Jun 15, 2005
Panel upholds no-parole recommendation in 'Fatal Vision' case
By DAVID DISHNEAU
Associated Press Writer
Former Green Beret doctor Jeffrey MacDonald will likely wait 15 years for another parole hearing, the U.S. Parole Commission said Wednesday.
The panel accepted a May 10 recommendation from two hearing examiners to deny parole to the 61-year-old inmate and hold a reconsideration hearing in May 2020, spokesman Thomas Hutcheson said.
MacDonald is serving three consecutive life sentences at the Federal Correctional Institution near Cumberland for the 1970 murders of his pregnant wife and two young daughters at Fort Bragg, N.C. The case was dramatized in a best-selling book and television miniseries, "Fatal Vision."
MacDonald is entitled to an interim hearing every two years to determine whether anything warrants changing the reconsideration date, Hutcheson said. At interim hearings, the commission may weigh evidence of a change in an inmate's health or behavior. MacDonald's first interim hearing would be in May 2007, Hutcheson said.
At a reconsideration hearing, the commission takes a fresh look at the case. The commission is required by law to hold the reconsideration hearing unless MacDonald waives it, Hutcheson said.
MacDonald's wife Kathryn, whom he married in prison in 2002, wasn't surprised by the commission's action. "We're most appreciative of the professionalism of the parole commission and feel that they listened to us carefully and made the best decision they felt they could make," she said.
Kathryn MacDonald, owner of a children's drama school in Laurel, said she hadn't spoken with her husband Wednesday and didn't know his reaction to the news.
MacDonald attorney Tim Junkin declined to comment on the decision.
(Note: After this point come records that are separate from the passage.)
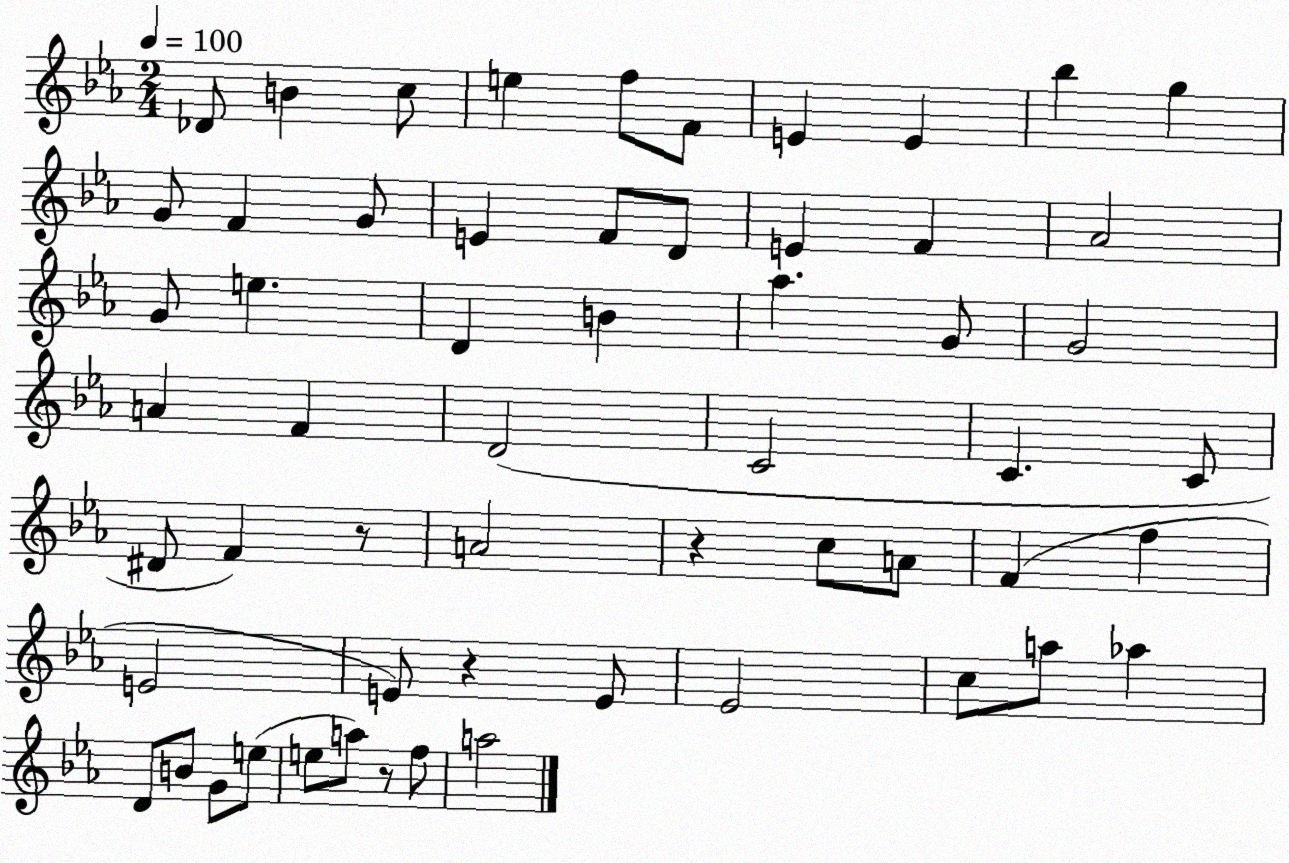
X:1
T:Untitled
M:2/4
L:1/4
K:Eb
_D/2 B c/2 e f/2 F/2 E E _b g G/2 F G/2 E F/2 D/2 E F _A2 G/2 e D B _a G/2 G2 A F D2 C2 C C/2 ^D/2 F z/2 A2 z c/2 A/2 F f E2 E/2 z E/2 _E2 c/2 a/2 _a D/2 B/2 G/2 e/2 e/2 a/2 z/2 f/2 a2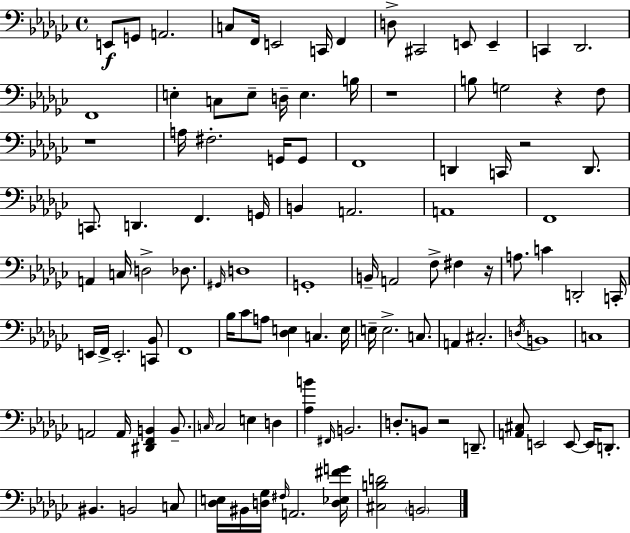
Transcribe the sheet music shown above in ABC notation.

Another of MacDonald's lawyers, Wade Smith, of Raleigh, N.C., didn't immediately return a telephone call from The Associated Press.
The prosecutor, U.S. Attorney Frank D. Whitney of the Eastern District of North Carolina, didn't immediately return calls. Whitney said in May that he was pleased with the hearing examiners' recommendation.
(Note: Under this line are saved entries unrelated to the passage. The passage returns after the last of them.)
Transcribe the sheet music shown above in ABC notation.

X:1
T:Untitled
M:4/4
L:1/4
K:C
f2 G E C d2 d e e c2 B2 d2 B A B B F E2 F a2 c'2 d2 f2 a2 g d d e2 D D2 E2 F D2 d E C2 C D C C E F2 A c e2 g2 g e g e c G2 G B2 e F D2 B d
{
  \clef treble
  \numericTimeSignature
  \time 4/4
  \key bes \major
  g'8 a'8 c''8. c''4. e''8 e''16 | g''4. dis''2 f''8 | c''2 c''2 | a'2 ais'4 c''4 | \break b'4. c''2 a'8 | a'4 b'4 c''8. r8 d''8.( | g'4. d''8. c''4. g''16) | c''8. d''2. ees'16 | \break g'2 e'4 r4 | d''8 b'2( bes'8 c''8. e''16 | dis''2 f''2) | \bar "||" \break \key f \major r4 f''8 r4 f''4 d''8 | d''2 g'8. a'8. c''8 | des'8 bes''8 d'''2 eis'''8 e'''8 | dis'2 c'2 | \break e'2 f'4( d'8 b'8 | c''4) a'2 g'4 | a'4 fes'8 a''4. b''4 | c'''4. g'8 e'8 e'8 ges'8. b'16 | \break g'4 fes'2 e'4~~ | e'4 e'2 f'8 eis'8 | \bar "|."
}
A federal jury convicted MacDonald in 1979 of the murders of Colette MacDonald, 26, and their daughters Kimberley, 5, and Kristen, 2, on Feb. 17, 1970. MacDonald has always claimed that a group of hippie-like intruders entered their apartment at Fort Bragg and stabbed and clubbed his family to death in an attack that left him seriously injured.
MacDonald had been eligible to apply for parole since 1991 but he refused to apply until this year, contending it would involve a tacit admission of guilt. Junkin has said MacDonald's change of mind about seeking parole partly reflected a desire to live with his wife.